U. Rhodes-Malin, Gibraltar
Dearest Jon Lusk,Mariza was 'lucky' the FIRST time around! In 2003 she was nominated for the ‘European’ award and she won it. Not that I think luck had anything to do with it! Sheer brilliance amongst many other aspects was responsible for that!!!

Sergio - London
Yes Mariza is a great singer and she deserves all the credit she gets, after all she's working hard touring and taking her Fado across the world. She's good and very talented, but she's still young and needs to mature in her art. I've seen mariza singing and I do think she's great and very talented and she will take fado to new audiences.
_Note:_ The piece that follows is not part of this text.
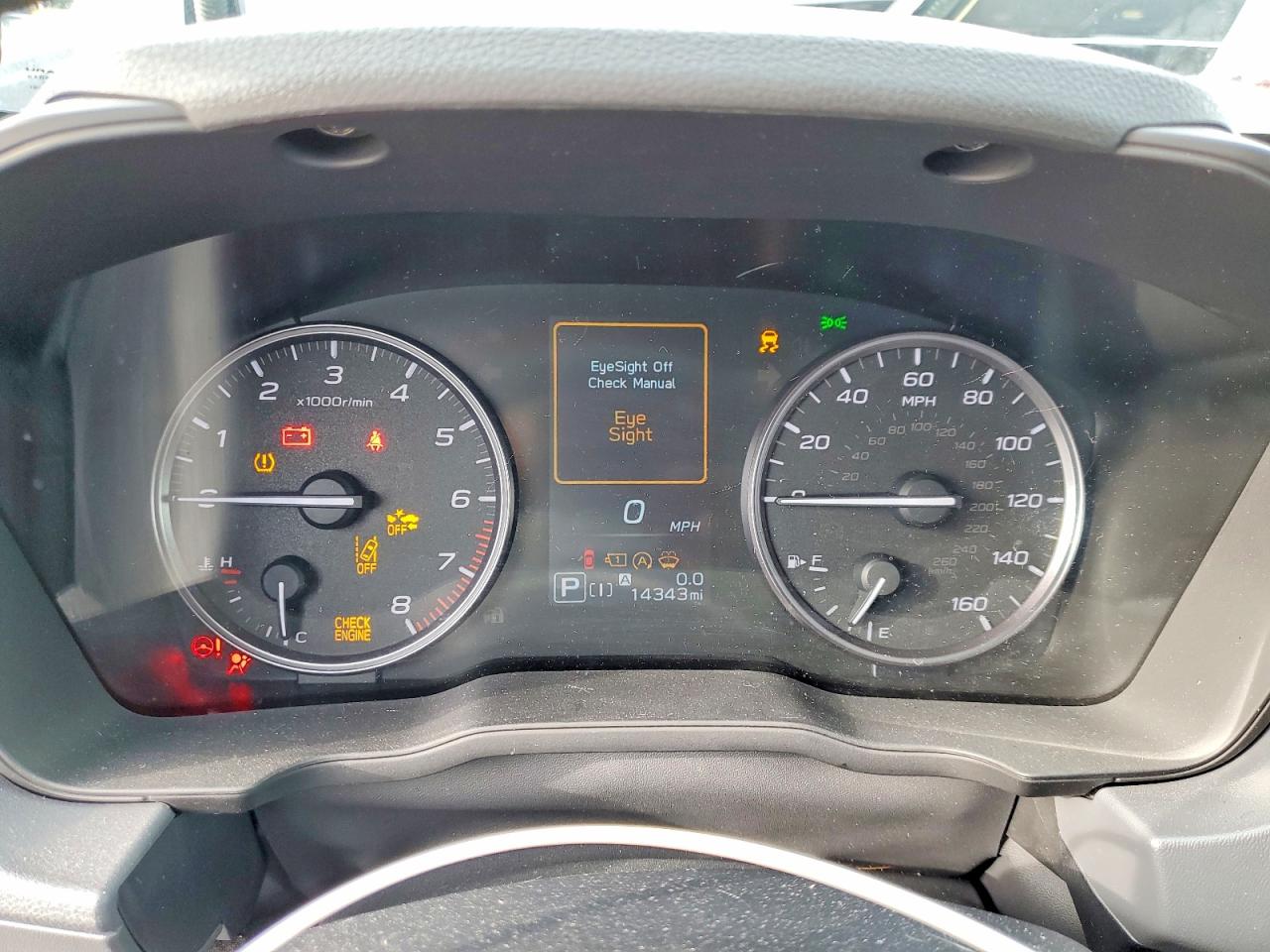 2024 SUBARU CROSSTREK PREMIUM photo 9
Amalia was a genious who brought fado to the world, reinvented gave it life and identity. her art was her pureness and emotional honesty on her singing. She toured as far as Australia, the Old Soviet Union, Far East, South and North America when todays technologies and mass music distribution weren't available . She was and always will be the best fado singer .. she lived fado and fado lived in her!

victor mera deleage
I'VE NOT HEARD A VOICE LIKE HERS IN THE LAST THIRTY YEARS. GONNA HAVE TO MOVE TO LISBON.

rob wallace UK
Stunning performer on record and especially live the emotion that she can get into her voice unbeleivable

Allan in England
Thanks to Radio 3 I `discovered` Mariza, her voice is captivating even though I speak not one word of Portugese

geoff.warren
This lady is a wonderful counterbalance to my beloved Eton Choirbook period!

ricardo rivadeneira v.
Wonderful the concert in Lisbon, the best filling and song in the spirit of fado, a flower in our desert. Thank you.

Fernando Garcia, London
Comparing Mariza with Amalia is unfair. Vocally, musically, emotionally I wouldn't be so sure about who would come tops. Yes, Amalia will always be the Queen of Fado - but even she was often criticized for not singing the real thing; and for losing its essence by bringing Fado to a mass audience! So, Fado has always been a changing and changeable thing and Mariza has brought it full circle by reminding us about the roots of Fado (from Lisbon's immigrants, who fed African music into Lisbon's fledgling urban "blues"). And by re-shaping Fado to suit her life and her experience and her musicality, perhaps Maria has saved Fado by bringing it to the masses and yet remaining 100% true to Fado: the changing song of Lisbon's streets and tavernas. Neither Lisbon nor Fado is as insular as some would have us believe.

Joana Silva, Telford
"world’s most famous fado singer" is a bit of an over-statement, in the least. Yes, she is the most successful of her generation, but does not compare to the success enjoyed from "The Great Lady of Fado" - Amalia. If anything, she owes a great deal to Amalia, singing her established and world- famous reportoir, as well as having many famous friends, who have help to forge her career and keep a stronghold on Portuguese Popular Music. Undoubtedly, Mariza is very marketable and oozes appeal, but just listen to a classic fado song sang by both ladies, and there is no comparison to be made. Mariza is extraordinary, but Amalia goes beyond that, with the love, technique and dedication she was able to transmit, not to mention her personal history which contributed in large part to the establishment of Fado as "the song of Lisbon". Unlike Mariza, but like Edith Piaff, Amalia had great poets, lovers and writers create music for her, which were based on her life story, personal tragedies and love of life. After all, Fado is not the song of the middle-classes, it is the song of "povo que lavas no rio"... Mariza will have this one day perhaps, but her time has not come yet!... she needs to mature a bit more, and suffer for her art, which is to sing " a Alma do povo Portugues"... (sing the soul of the Portuguese people). Only then can I accept as a Portuguese Citizen that she is "world’s most famous fado singer". However, I think Mariza herself is very comfortable with that status.